Telemetry Data - The way of data transmission and collection

shyamrangaraju9
Jul 8, 2023
6 min read

Updated: Aug 16, 2023

What is Telemetry data?

In observability, telemetry data is the output acquired from system sources. When these results are combined, they create a picture of the relationships and dependencies that exist within a distributed system.

What is Open Telemetry?

OpenTelemetry is focused on data - specifically, the data and data stream (telemetry) needed to best understand, troubleshoot, and improve our applications. Data is only useful if it can be aggregated, analyzed, and visualized at scale.

OpenTelemetry also enables a natural correlation across those data sources, rather than expecting us to attempt that correlation ourselves.

Why Open Telemetry is important?

OpenTelemetry is important because it standardizes the way telemetry data is collected and transmitted to backend platforms. It bridges visibility gaps by providing a common format of instrumentation across all services. SREs/SROs don’t have to re-instrument code or install different proprietary agents every time a backend platform is changed. OpenTelemetry will continue to work, too, as new technologies emerge, unlike commercial solutions, which will require vendors to build new integrations to make their products interoperable.

OpenTelemetry Architecture

OpenTelemetry's architecture is made up of numerous components that work together to deliver optimum value to the teams that use it. Taking a high-level look at each of these components can help us realize the true value of OpenTelemetry. This can help us to see what it has to offer in terms of data collecting and customer analytics.

Otel Architecture — Pic Credits - OTEL Official Site

API - APIs are language-specific computer programs that provide the fundamentals for integrating OpenTelemetry. They make it easy to add new features to the app by providing a framework that can be attached to it.
SDK - The SDK is another language-specific component of the architecture. This serves as a sort of mediator, bridging the gap between the exporter and the APIs. Because of the SDK's additional setup, transaction sampling, and request filtering are both handled more easily.
Collector - Technically, this is the only component that isn't essential. The Collector, on the other hand, makes setting up OpenTelemetry architecture faster and easier.
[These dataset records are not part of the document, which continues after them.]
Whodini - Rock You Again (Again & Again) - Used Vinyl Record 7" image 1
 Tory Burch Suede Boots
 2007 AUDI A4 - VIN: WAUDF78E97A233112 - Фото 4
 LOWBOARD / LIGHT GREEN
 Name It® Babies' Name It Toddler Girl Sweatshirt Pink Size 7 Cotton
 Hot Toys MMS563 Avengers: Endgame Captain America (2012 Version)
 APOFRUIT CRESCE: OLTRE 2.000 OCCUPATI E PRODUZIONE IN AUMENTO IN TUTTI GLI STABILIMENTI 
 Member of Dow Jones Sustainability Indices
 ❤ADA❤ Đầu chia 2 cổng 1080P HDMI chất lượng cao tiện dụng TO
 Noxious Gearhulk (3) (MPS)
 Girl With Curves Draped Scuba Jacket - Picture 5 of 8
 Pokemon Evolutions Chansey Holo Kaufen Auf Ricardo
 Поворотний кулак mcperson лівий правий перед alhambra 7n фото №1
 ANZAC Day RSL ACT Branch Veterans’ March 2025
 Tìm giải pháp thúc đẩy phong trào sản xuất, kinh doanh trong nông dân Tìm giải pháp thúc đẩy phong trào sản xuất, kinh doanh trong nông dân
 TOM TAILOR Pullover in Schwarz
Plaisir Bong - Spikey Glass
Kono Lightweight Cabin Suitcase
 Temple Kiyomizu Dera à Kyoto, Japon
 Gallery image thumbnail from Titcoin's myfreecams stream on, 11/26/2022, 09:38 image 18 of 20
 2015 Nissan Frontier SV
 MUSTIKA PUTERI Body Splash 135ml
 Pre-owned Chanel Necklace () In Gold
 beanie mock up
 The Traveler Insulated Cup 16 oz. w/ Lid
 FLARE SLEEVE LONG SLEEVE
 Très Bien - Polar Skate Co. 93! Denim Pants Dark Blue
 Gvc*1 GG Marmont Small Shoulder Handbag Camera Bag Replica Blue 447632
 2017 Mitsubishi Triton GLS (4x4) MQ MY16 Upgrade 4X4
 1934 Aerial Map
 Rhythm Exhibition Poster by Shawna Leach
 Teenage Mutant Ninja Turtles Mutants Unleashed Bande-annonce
It's a highly handy component that allows us to transmit and receive application telemetry on the backend with a lot of flexibility. The collector can be deployed in two ways: as an agent or as a standalone.
Exporter - We can use an Exporter to determine whose backends they're sending telemetry to. The backend configuration is independent of instrumentation, providing a variety of options. It's simple to switch backends, and there's no need to re-instrument code.

As we focused on Open Telemetry and its architecture, let’s understand its components for MELT approach and the benefits.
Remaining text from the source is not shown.